NEW YORK’S FIRST AFRICAN AMERICAN MAYOR
David Dinkins, who broke barriers as New York City’s first African American mayor but was doomed to a single term by a soaring murder rate and stubborn unemployment, has died. He was 93.
Dinkins’ death Monday was confirmed by his assistant at Columbia University, where he taught after leaving office, and by Mayor Bill de Blasio, his onetime staffer. His death came just weeks after the death of his wife, Joyce, who died in October at the age of 89.

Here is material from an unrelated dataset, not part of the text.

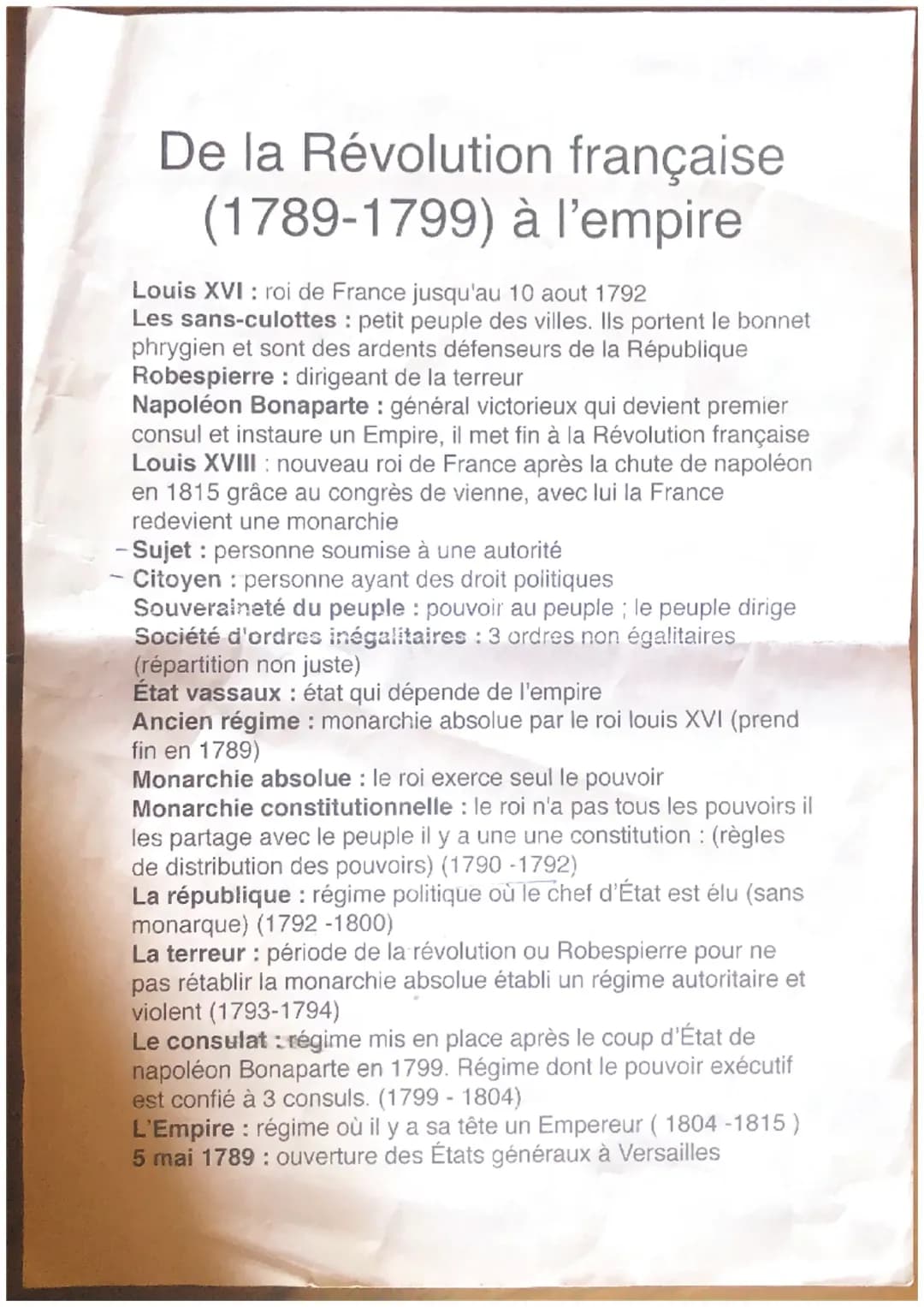 De la révolution à l’empire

Dinkins, a calm and courtly figure with a penchant for tennis and formal wear, was a dramatic shift from both his predecessor, Ed Koch, and his successor, Rudy Giuliani — two combative and often abrasive politicians.
In his inaugural address, he spoke lovingly of New
York as a “gorgeous mosaic of race and religious faith, of national origin and sexual orientation, of individuals whose families arrived yesterday and generations ago, coming through Ellis Island or Kennedy Airport or on buses bound for the Port Authority.”
But the city he inherited had an ugly side, too.
AIDS, guns and crack cocaine killed thousands of people each year. Unemployment soared. Homelessness was rampant. The city faced a $1.5 billion budget deficit.
Dinkins’ low-key approach quickly came to be perceived as a f law. Critics said he was too soft and too slow.
“Dave, Do Something!” screamed one New York Post headline in 1990, Dinkins’ first year in office.
Dinkins did a lot at City Hall. He raised taxes to hire thousands of police officers.
He spent billions of dollars revitalizing neglected housing. His administration got Disney to invest in the cleanup of then-seedy Times Square.
Dinkins, a Democrat, didn’t get fast enough results from his efforts, though, to earn a second term.
After beating Giuliani by only 47,000 votes out of 1.75 million cast in 1989, Dinkins lost a rematch by roughly the same margin in 1993.